Antique Mughal Carpets: A Beautiful Indian Tradition
North India! Ah, that fertile ground for ill-fated love stories! When the fourth Mughal emperor Shah Jehan built the Taj Mahal to house the tomb of his favorite empress Mumtaz Mahal, he probably didn’t imagine that it would still be standing five centuries after his death as the greatest monument ever built. Sadly, the emperor himself had an unhappy ending, but that’s another story.
While millions of people from all over the world flock to the city of Agra every year to marvel at the most beautiful mausoleum in the world, few realize that India is also famous for its Mughal carpets. Famed all over the world for their sublime beauty, Mughal carpets were primarily made for royalty during the Mughal era, which lasted from the early 16th to the mid-19th century.
The story of Mughal carpets began a century before Shah Jehan when his great-great-grandfather Babur, a descendant of the Mongolian conqueror Genghis Khan, descended from the harsh mountains of Afghanistan to conquer the lush plains of India and establish the long-lasting Mughal dynasty. But it was during the reign of Babur’s grandson Akbar, considered to be the greatest of all Mughal emperors, that carpet weaving really took root in India.
A lover of Persian carpets, Akbar brought craftsmen from Persia to weave carpets for the royal courts and palaces. Soon, Indian craftsmen adopted carpet-making techniques and designs of the Persians and blended them with Indian arts to give them a distinctly Indian character.

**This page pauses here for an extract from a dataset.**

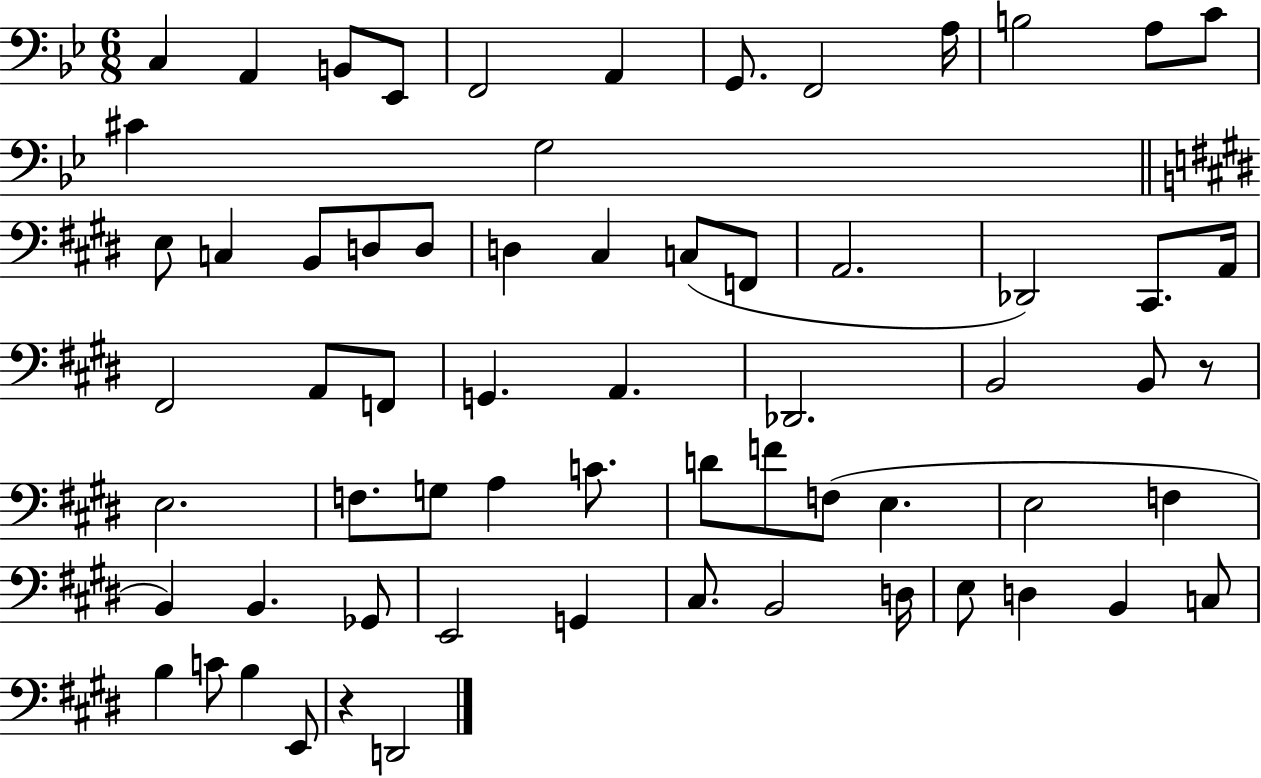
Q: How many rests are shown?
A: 2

During the rule of Shah Jehan, carpet making in India began to focus more on the aesthetic aspects.
Before long, Mughal carpets, as they later came to be known, became so famous for their sublime beauty that demand for them came from far and wide. The carpets made during the reigns of the emperors Jehangir and Shah Jehan, Akbar’s son and grandson respectively, were of the finest quality.

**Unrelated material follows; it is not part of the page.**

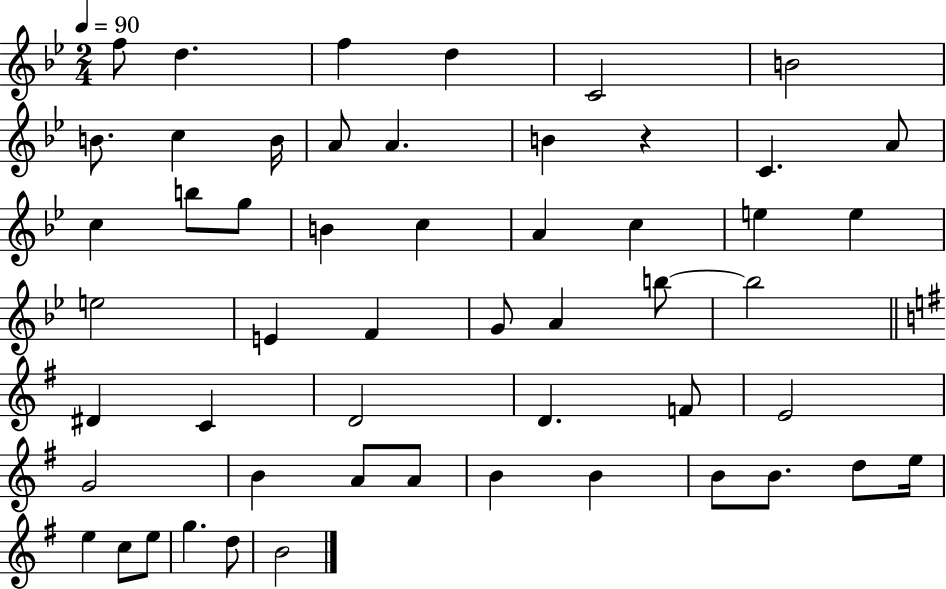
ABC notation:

Mughal carpets have distinctive designs and boast a high density of knots, derived from Persian carpets, but with distinctly Indian arts. They are well known for their attention to detail and presentation of realistic features. Besides Persian patterns, they may have patterns depicting scenes from the Mughal court, architecture, landscape, members of the royalty hunting wild animals and flowering plants.

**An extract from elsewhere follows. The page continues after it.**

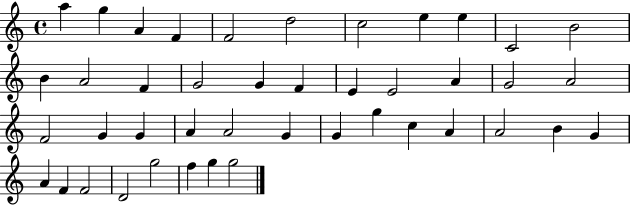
A5/q G5/q A4/q F4/q F4/h D5/h C5/h E5/q E5/q C4/h B4/h B4/q A4/h F4/q G4/h G4/q F4/q E4/q E4/h A4/q G4/h A4/h F4/h G4/q G4/q A4/q A4/h G4/q G4/q G5/q C5/q A4/q A4/h B4/q G4/q A4/q F4/q F4/h D4/h G5/h F5/q G5/q G5/h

The finest quality Mughal carpets have contrasting colors and such fine wool that they can easily be mistaken for silk. They have the tightest and the most delicate knotting among antique oriental carpets. The prayer rugs with a flowering plant motif in the center, for example, have approximately 2,000 knots per every square inch. Most Mughal carpets available today have a foundation of cotton rather than wool.
During the Mughal era, Mughal carpets were primarily made in and around Agra, Lahore (now in Pakistan) and Fatehpur Sikri. These days, most Mughal carpets come from Kashmir, the north-western tip of India. These carpets and rugs can be recognized by their densely packed millefleur patterns.
The Metropolitan Museum of Art in New York has a fine collection of beautiful Mughal carpets. These include a fragment of an animal carpet from the late 16th century, a carpet with palm trees, ibexes and birds from the late 16th to early 17th century, and a carpet with scrolling vines and blossoms from the mid-17th century.